RADAR NONSTOP - Pulau Bali memproduksi buah naga organik dalam beberapa tahun terakhir. Budi daya tersebut, tak lepas dari peran Ketut Gede Anom Sayoga dan I Wayan Kantra.
Sayoga mengembangkan buah naga di lahan 14 hektare di Banjar Batur Sari, Desa Mengwitani, Kecamatan Mengwi, Kabupaten Badung. Produktivitasnya mencapai 12-15 ton per hektare saat musim panen Agustus-April. Umur tanaman mencapai lima tahun.
Budi daya yang dilakukannya menerapkan sistem baik dan benar (good agricultural practices/GAP). Dia juga memanfaatkan potensi sekitar, sehingga tersertivikasi oleh Lembaga Sertifikasi Organik (LSO) pada 2017.
Sementara Kantra, mengembangkan buah naga organik di lahan 13,5 hektare di Desa Bulian, Kecamatan Kubu Tambahan, Kabupaten Buleleng. Produktivitasnya, 50 ton per hektare dengan umur tanaman hingga delapan tahun. Buah naga yang dikembangkan varietas mawar asal Banyuwangi sejak 2011.
Lahan yang digunakan sebelumnya kering dan tandus. Bahkan, dia dan rekan di Kelompok Tani Gunung Sari menjadikan lokasi tersebut lokasi agrowisata serta mengantongi sertifikat organik Institute for Marketecology (IMO) Control dari perusahaan Swiss pada 2016.
Kendati begitu, Kantra dan Sayoga sama-sama memanfaatkan kotoran sapi hasil fermentasi sebagai pupuk organik. Keduanya pun menghasilkan biogas.
Untuk pengendalian organisme penggangu tanaman (OPT), mereka menggunakan bahan nabati ekstrak tanaman brotowali, ekstrak daun sirsak, ekstrak lengkuas, dan sebagainya. Sanitasi lahan dilakukan secara rutin, untuk memutus siklus hidup hama. Sulur atau batang tanaman yang busuk, dimanfaatkan menjadi makanan ikan dan ternak.

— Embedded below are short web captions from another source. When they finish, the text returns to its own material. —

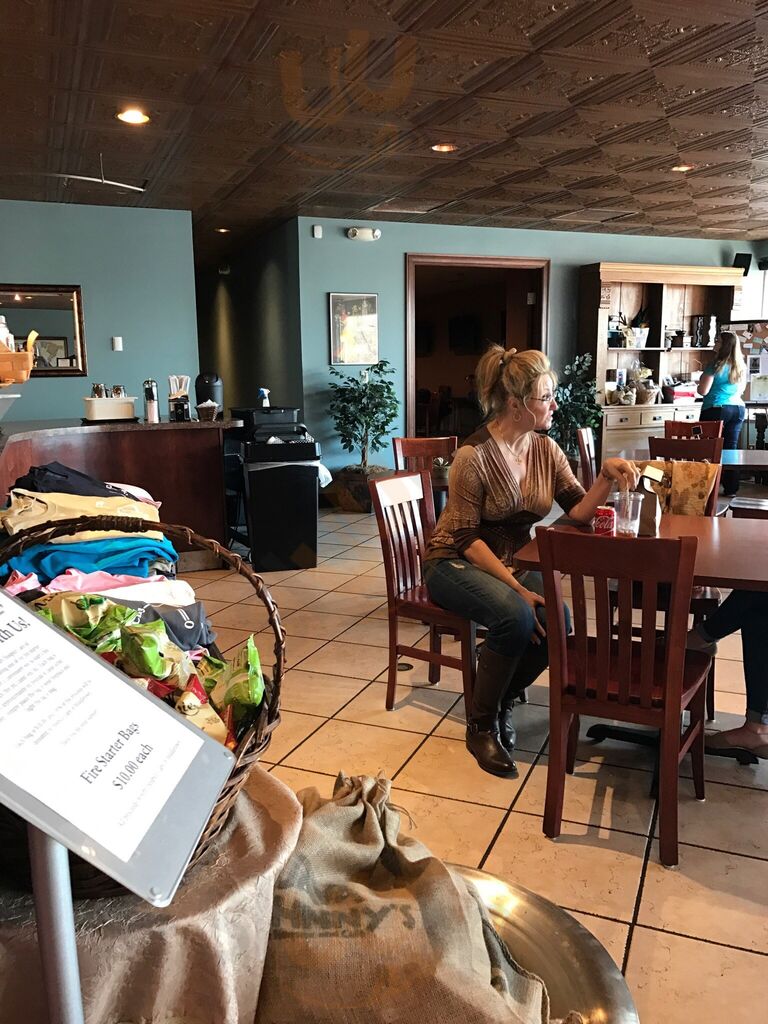 Java Johnny's Midtowne Cafe
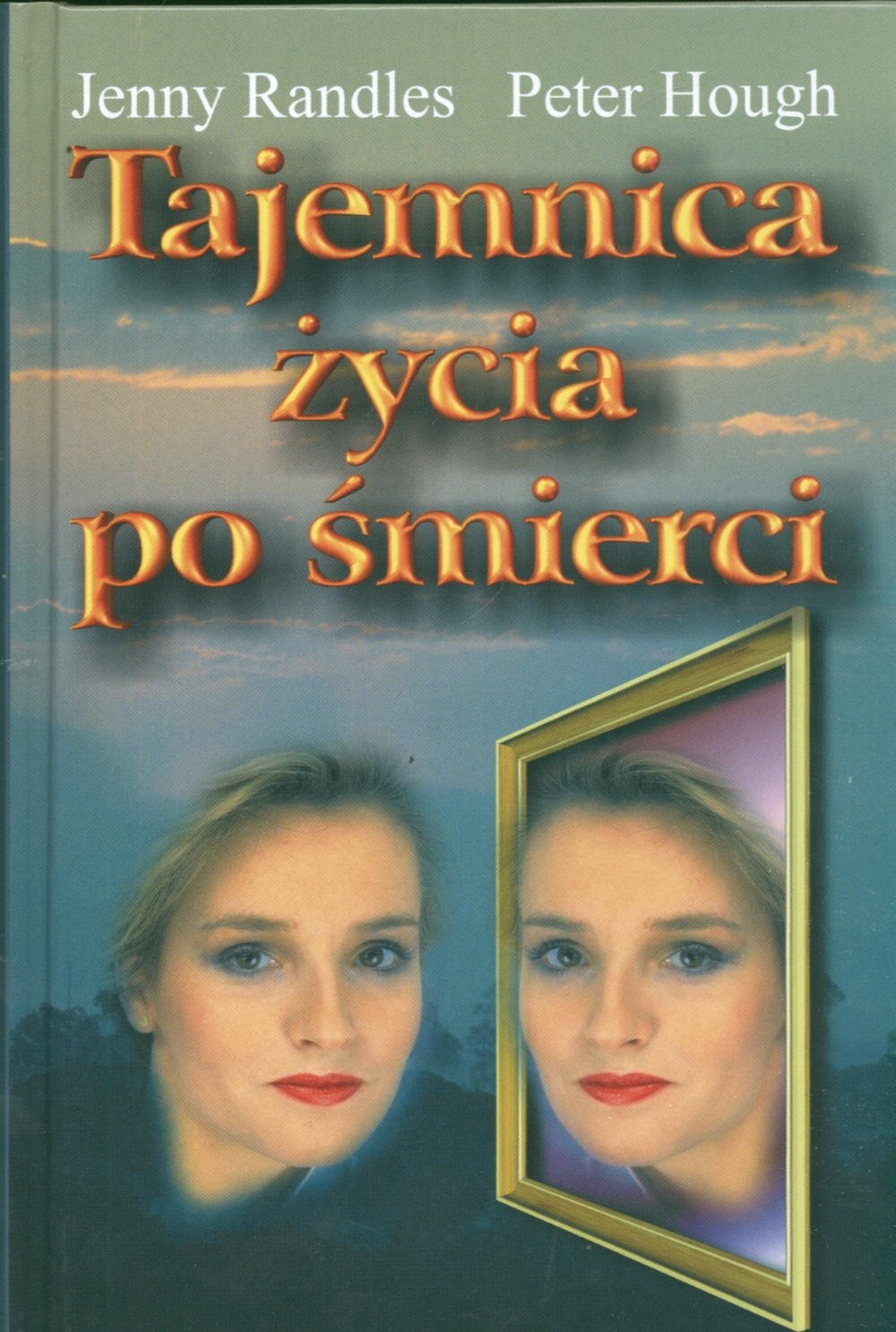 Tajemnice życia po śmierci Books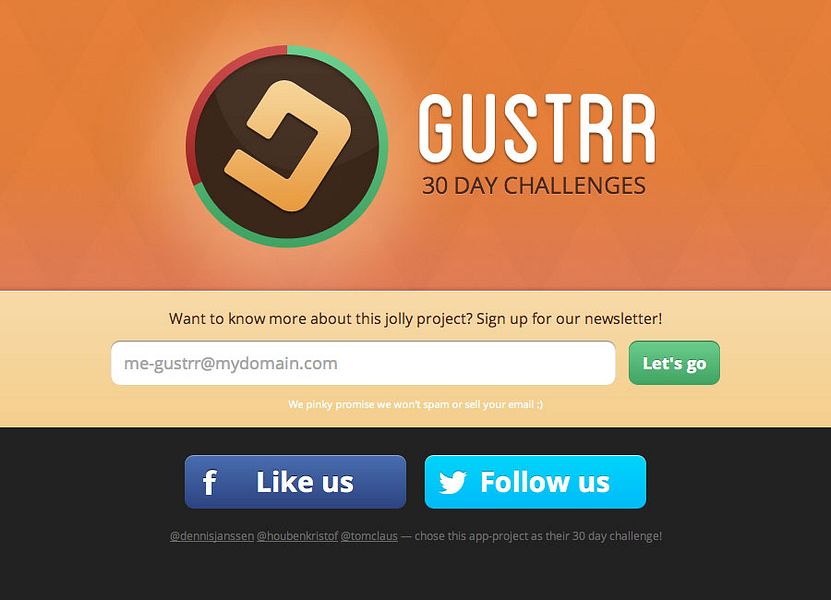 Gustrr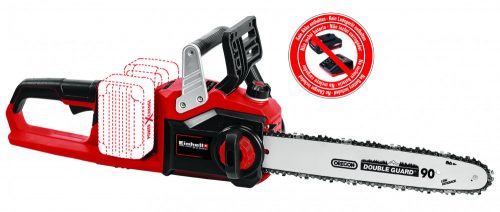 Einhell GE-LC 36/35 Li - Solo akkus láncfűrész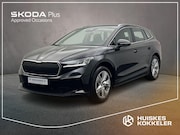 Skoda Enyaq iV - 85 Selection 286pk Automaat Adaptive cruise control, Navigat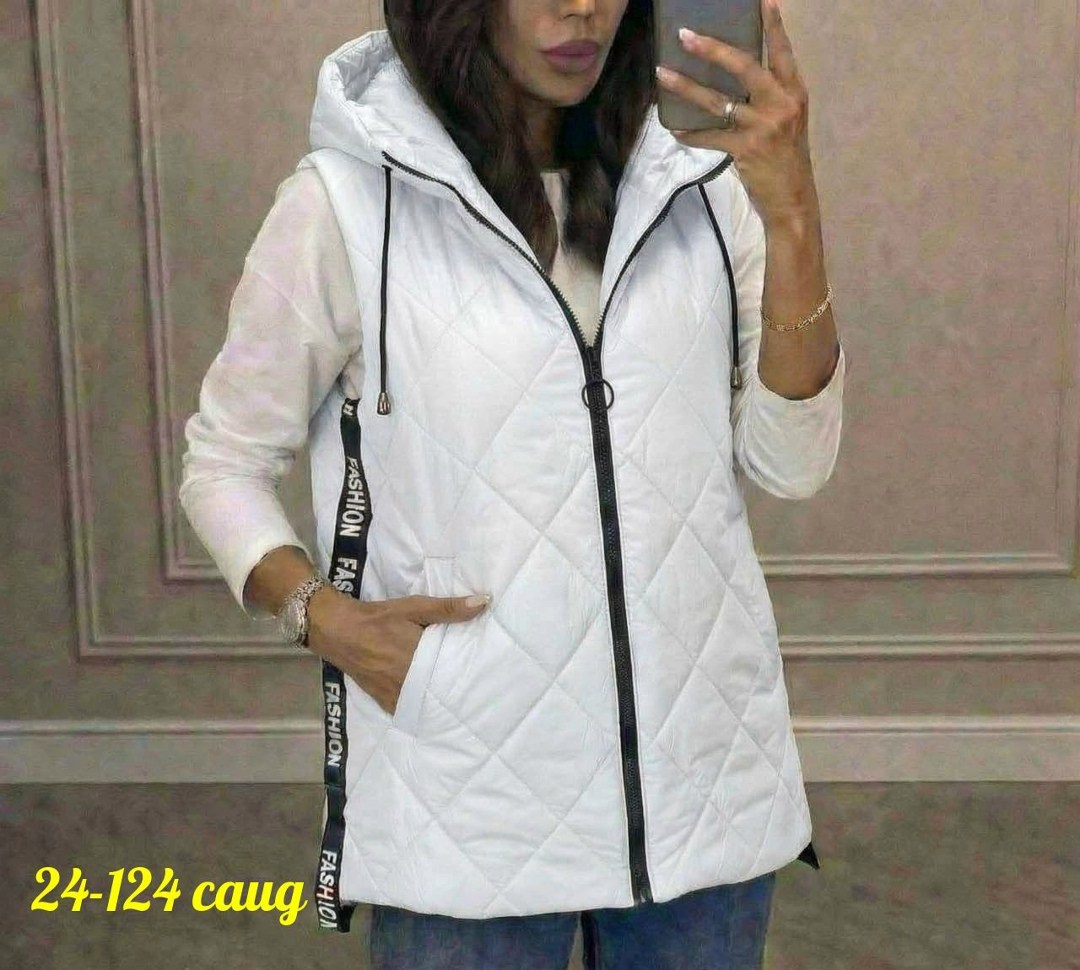 женская жилетка,жилет женский,жилет на синтепоне,жилетка на синтепоне,жилет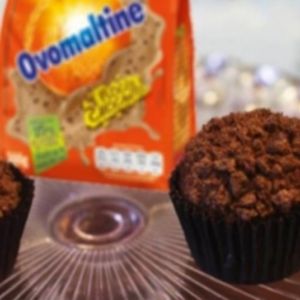 imagem do produto Brigadeiro de Ovomaltine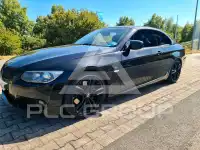 2013 BMW 335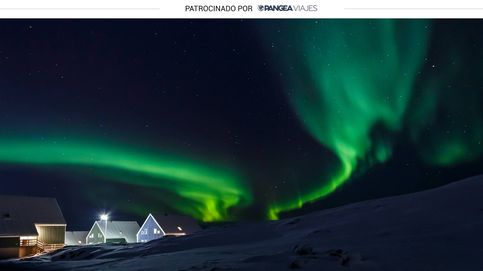 Los 10 mejores destinos del mundo para ver auroras boreales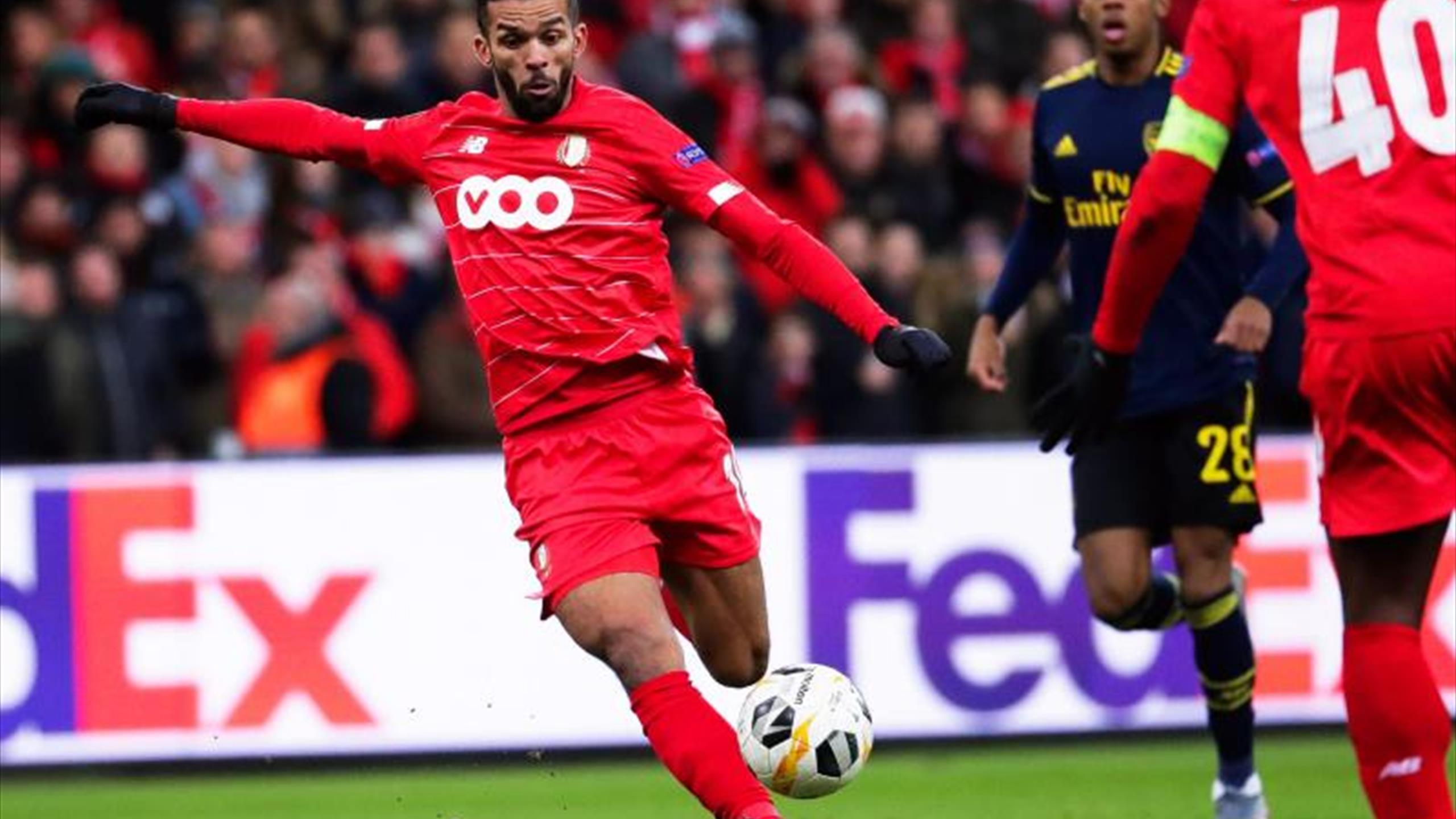 La Liga belga vuelve a posponer la decisión de finalizar la competición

Di sisi lain, didampingi Dinas Pertanian Bali, UPTD Balai Proteksi Tanaman Pangan dan Hortikultura (BPTPH) Bali, serta Dinas Pertanian Buleleng, agar meningkatkan produk dan mutu, baik di lahan maupun di collecting house. Misalnya, mitigasi penanganan OPT, meregistrasi kebun sesuai GAP dan integrated pest management (IPM), dan memperbaiki fasilitas collecting house.
"Kami siap mengawal dan membimbing petani buah naga Bali secara organik dan ramah lingkungan, agar produknya ramah lingkungan dan berdaya saing tinggi, baik di pasar lokal maupun internasional," ujar Kepala UPTD BPTPH Bali, Swastika.
Sementara itu, Direktur Perlindungan Hortikultura Ditjen Hortikultura Kementan, Sri Wijayanti Yusuf, menyatakan, pihaknya mendukung penerapan budi daya organik. Sehingga, mutu produk meningkat dan bisa bersaing di pasar global.